Оливия и без того сделала ему такой подарок, согласившись ради него вынести это возмутительное вторжение. И хотя ему, наверное, удалось бы уговорить ее, существовала граница, которую Гринли не осмеливался перейти. На такую ступень разврата он бы не смог попросить ее подняться…
– О да! – выкрикнула она. – О, пожалуйста, не останавливайся… Он изумленно смотрел, как Оливия, выгнув спину, охала от наслаждения. Волосы ее разметались по подушке, рот приоткрылся, грудь подрагивала от напряжения во всем теле. Закинув ногу на бедро девушки, чтобы она не двигалась, виконт в последнии раз вонзил в нее жезл, уверенный, что это станет кульминацией.
Так оно и вышло.
Оливия исступленно забилась в его объятиях. Ее мягкое тело доставляло нестерпимые муки его вскинувшемуся естеству, дергавшемуся в силках его брюк. Дейн тоже задрожал. Она громко выкрикнула его имя, оглашая воздух прерывистыми вскриками, хриплыми и безудержными.
Гринли едва не потерял самообладание, чуть не пролился, как какой-то похотливый юнец. Если она будет продолжать в том же духе…
Оливия обмякла. Воздух беззвучным вздохом вырвался из ее груди. Виконт убрал жезл и отложил его в сторону. К счастью, он не пролил свое семя. Хотя какое уж там счастье! Его исстрадавшееся тело ныло, жаждая хоть какого-то высвобождения. Он хотел расстегнуть брюки и попросить Оливию положить руки на его клинок. Хотел, чтобы она погладила его, как прошлой ночью, касаясь своими нежными ручками его разгоряченной плоти.

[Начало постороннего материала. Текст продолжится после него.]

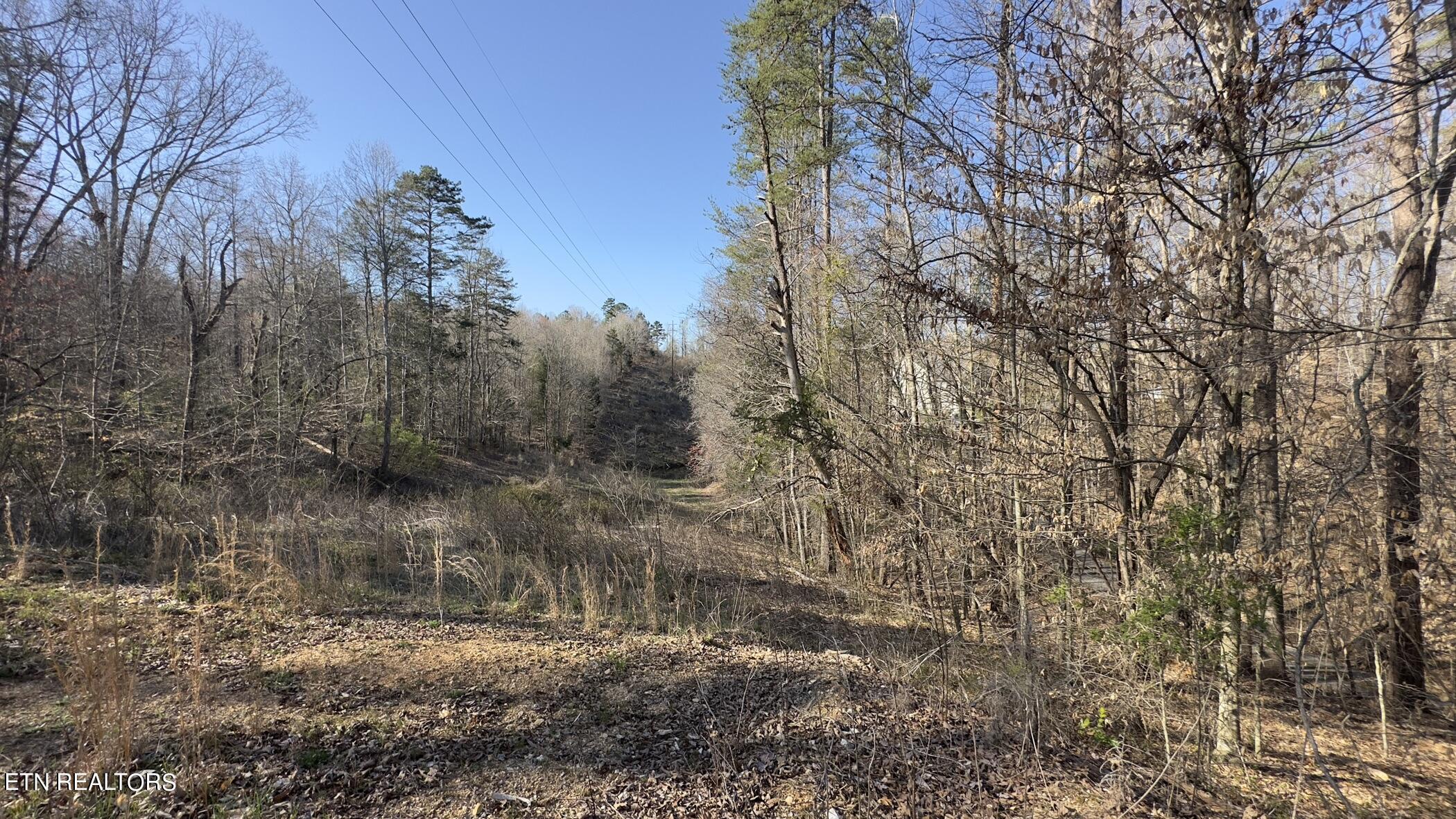 Fort Loudoun and Tellico Lake Real Estate - Image# 38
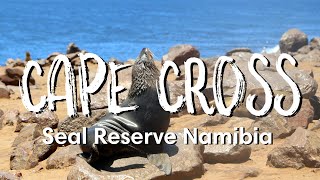 CAPE CROSS SEAL RESERVE NAMIBIA | Crazy facts!!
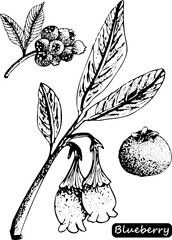 Blueberry vector drawing. Isolated berry branch sketch on white background. Summer fruit engraved style illustration. Detailed hand drawn vegetarian food. Great for label, poster, print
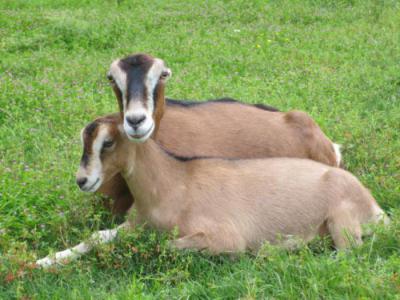 Описание породы коз ламанча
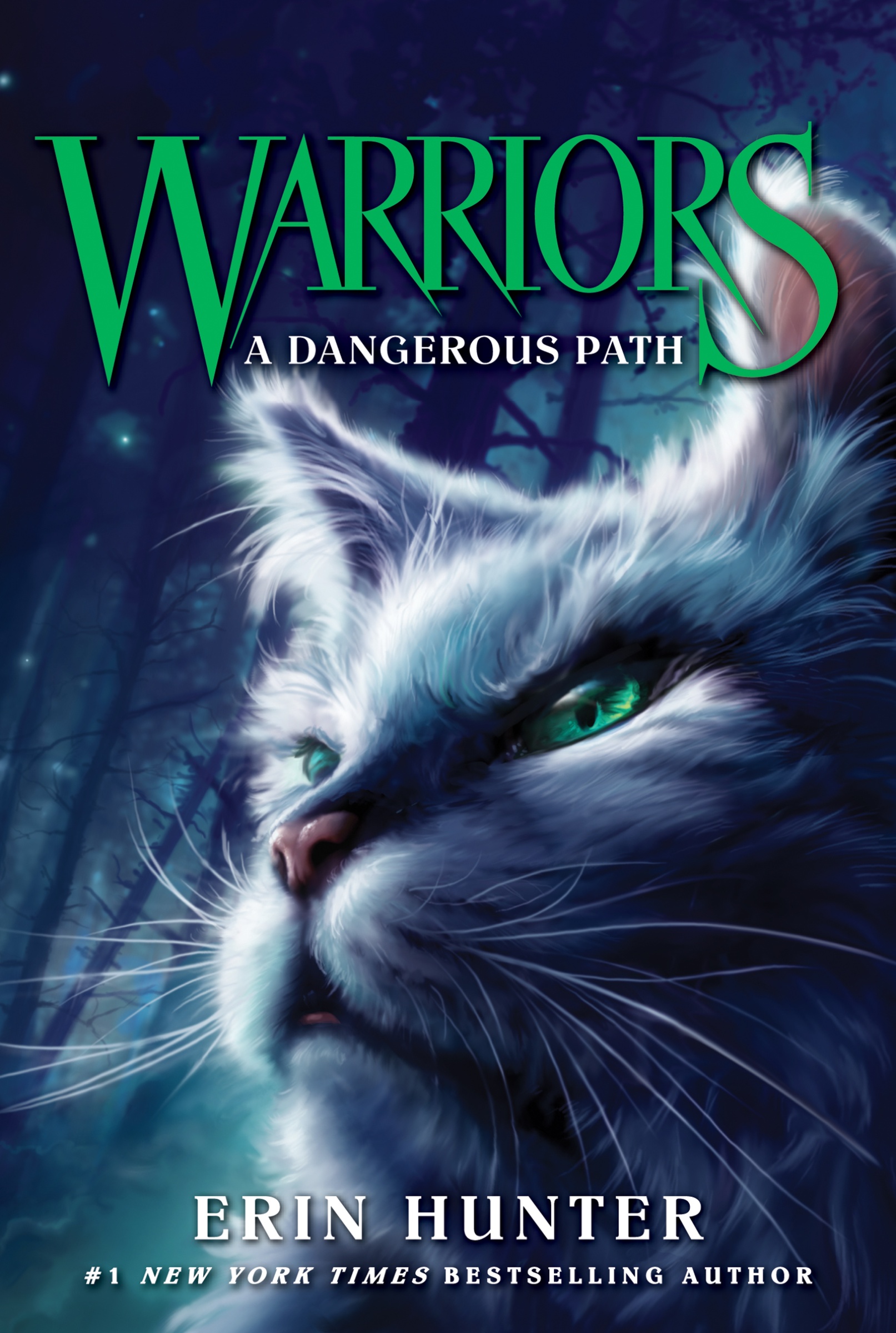 Warriors #5: a Dangerous Path by Erin Hunter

Но он не мог так поступить. Не мог предстать перед ней во всем своем уродстве. Наверное, он все еще сомневался в твердости ее духа.
На него нахлынули воспоминания. «Боже правый! Убери от меня эту безобразную штуковину!» Дейн не знал, что хуже: откровенное отвращение или смешанное с ужасом любопытство. Его ноющее орудие поникло от горьких воспоминаний. Он видел и то и другое, не желая через это проходить вновь. Время терпит. У них с Оливией впереди целая жизнь.

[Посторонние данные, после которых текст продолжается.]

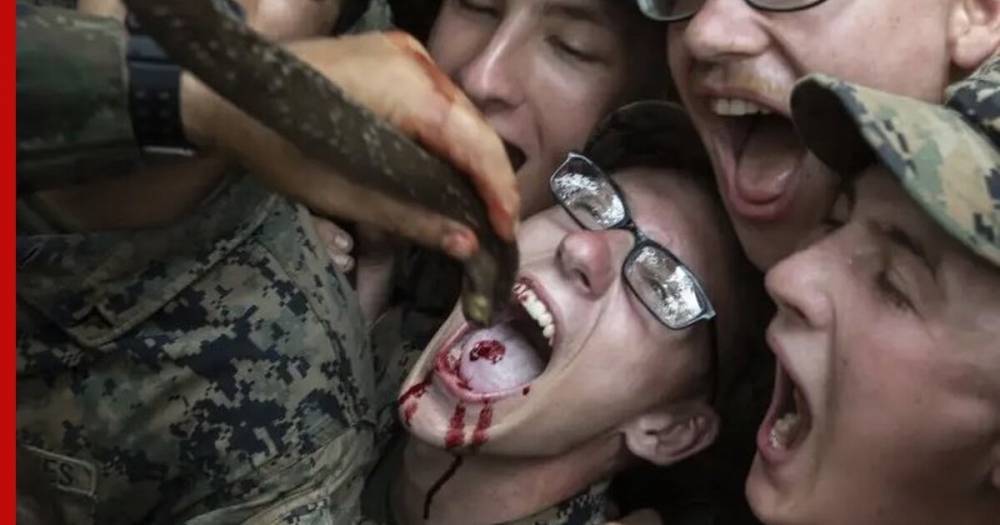 Американских морпехов призвали перестать есть пауков и пить змеиную кровь - profile.ru - США - Таиланд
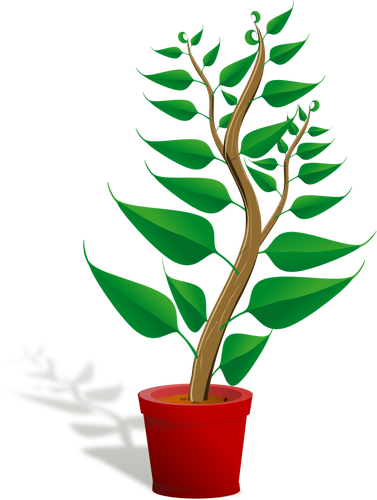 Grüne Pflanze Topf Vektor-illustration - Getting To Know Plants (377x500)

Эта мысль бальзамом пролилась ему надушу. Виконт притянул к себе обмякшую женушку, сонно спрятав ее голову у себя под подбородком и не усмотрев ничего тревожного в том, что при мысли о целой жизни с ней у него сделалось так хорошо на душе.
Перекатившись на другой бок, Дейн сонно потянулся к жене. Но рядом никого не было.

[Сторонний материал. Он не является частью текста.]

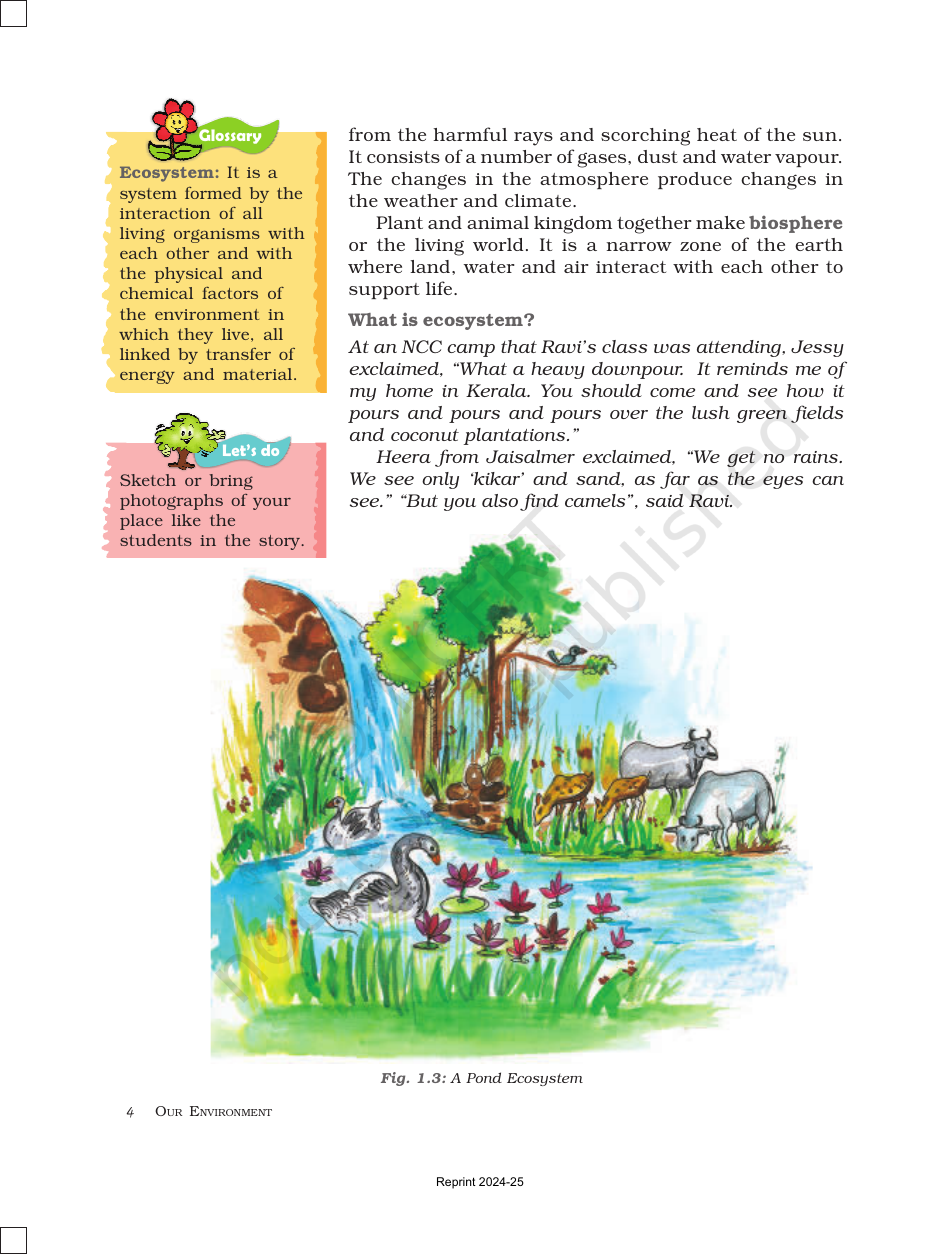 Page 4 of Environment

Удивленно озираясь вокруг, он вздрогнул и сел. Гринли никак не мог взять в толк, как он очутился на полу, пока не вспомнил, что сам это предложил.
Оливия сидела неподалеку в грациозной позе, по-прежнему одетая лишь в чулки с подвязками. На ее коже плясали красноватые отблески тлеющих углей. В руках она держала второй жезл и пристально всматривалась в вырезанные на нем условные значки. Когда он сел, она повернула голову и улыбнулась.